*** Block opens ***

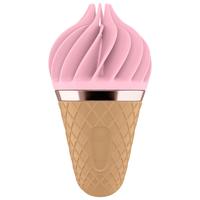 Satisfyer Sweet Treat Dönen Silikon Şarj Edilebilir Klitoral Vibratör-Pink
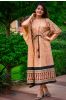 Brush Paint Cotton Kaftan Dress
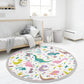 Dinosaur Kids Room Round Rug, Dinosaur Nursery Room Circle Carpet,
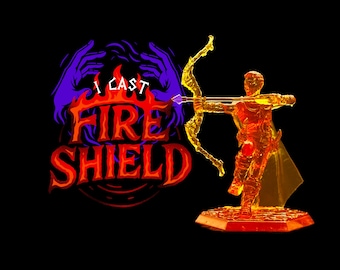 Magic Mini 3D Printing Service - Fire Effect - Custom Miniature (Hero Forge 3D Printing Service)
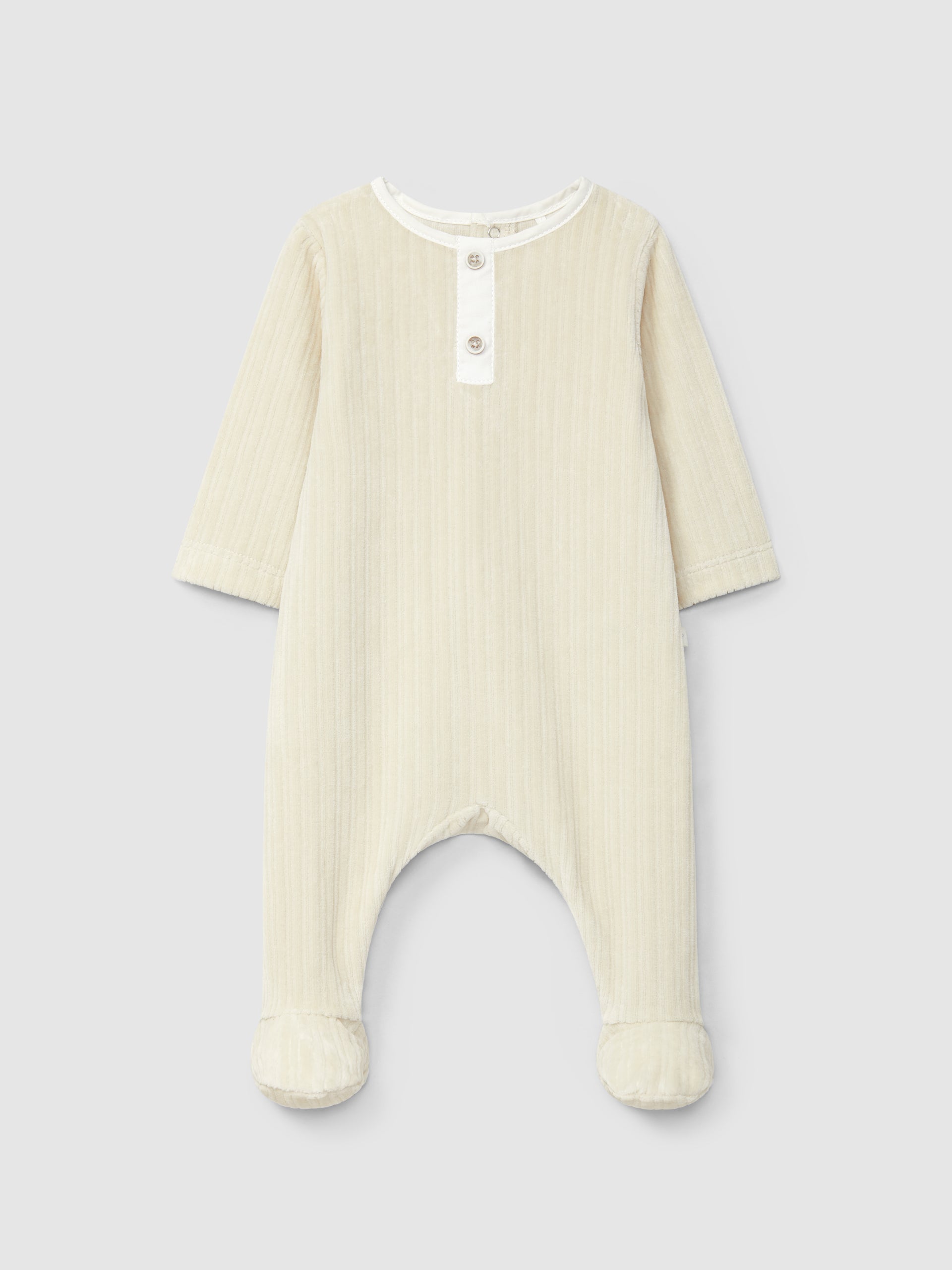 Babygrow sem Gola Veludo Canelado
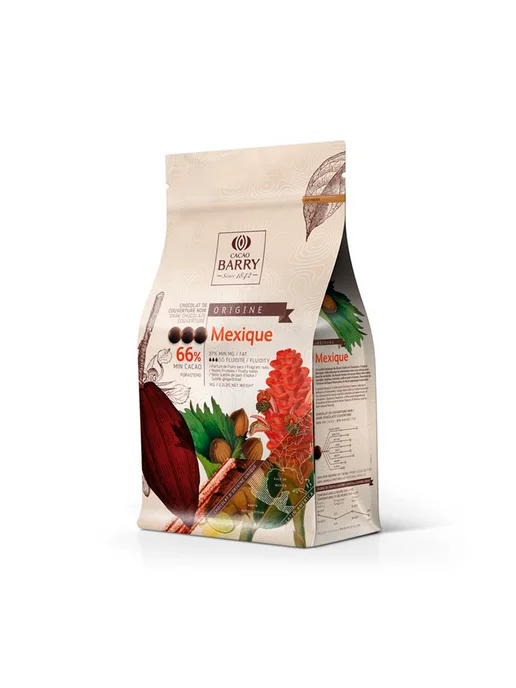 Cacao Barry Шоколад темный Mexique 66% Какао Барри (1 кг), 1 кг, фото 7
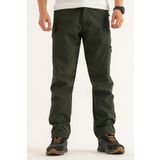 Erkek Haki İçi Polar Su İtici Rüzgar Geçirmez Kışlık Softshell Outdoor Pantolon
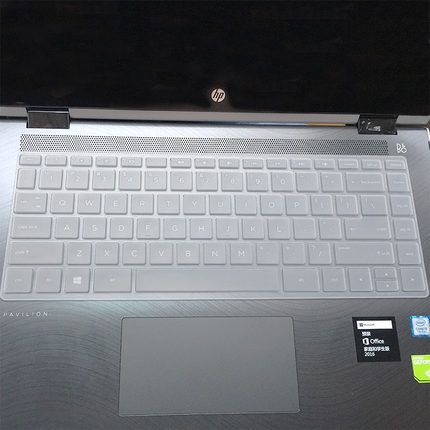 Housse de protection de clavier en Silicone pour ordinateur portable HP Pavilion x360, avec écran tactile 2 en 1, 14 pouces, 14M-BA011DX 14M-BA013DX 360: Crystal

*** Block closes ***

**Work instruction:**
The job is to return the listing above exactly, minus its pictures.

**Task response:**
 Satisfyer Sweet Treat Dönen Silikon Şarj Edilebilir Klitoral Vibratör-Pink
 Brush Paint Cotton Kaftan Dress
 Dinosaur Kids Room Round Rug, Dinosaur Nursery Room Circle Carpet,
 Magic Mini 3D Printing Service - Fire Effect - Custom Miniature (Hero Forge 3D Printing Service)
 Babygrow sem Gola Veludo Canelado
 Cacao Barry Шоколад темный Mexique 66% Какао Барри (1 кг), 1 кг, фото 7
 Erkek Haki İçi Polar Su İtici Rüzgar Geçirmez Kışlık Softshell Outdoor Pantolon
 Housse de protection de clavier en Silicone pour ordinateur portable HP Pavilion x360, avec écran tactile 2 en 1, 14 pouces, 14M-BA011DX 14M-BA013DX 360: Crystal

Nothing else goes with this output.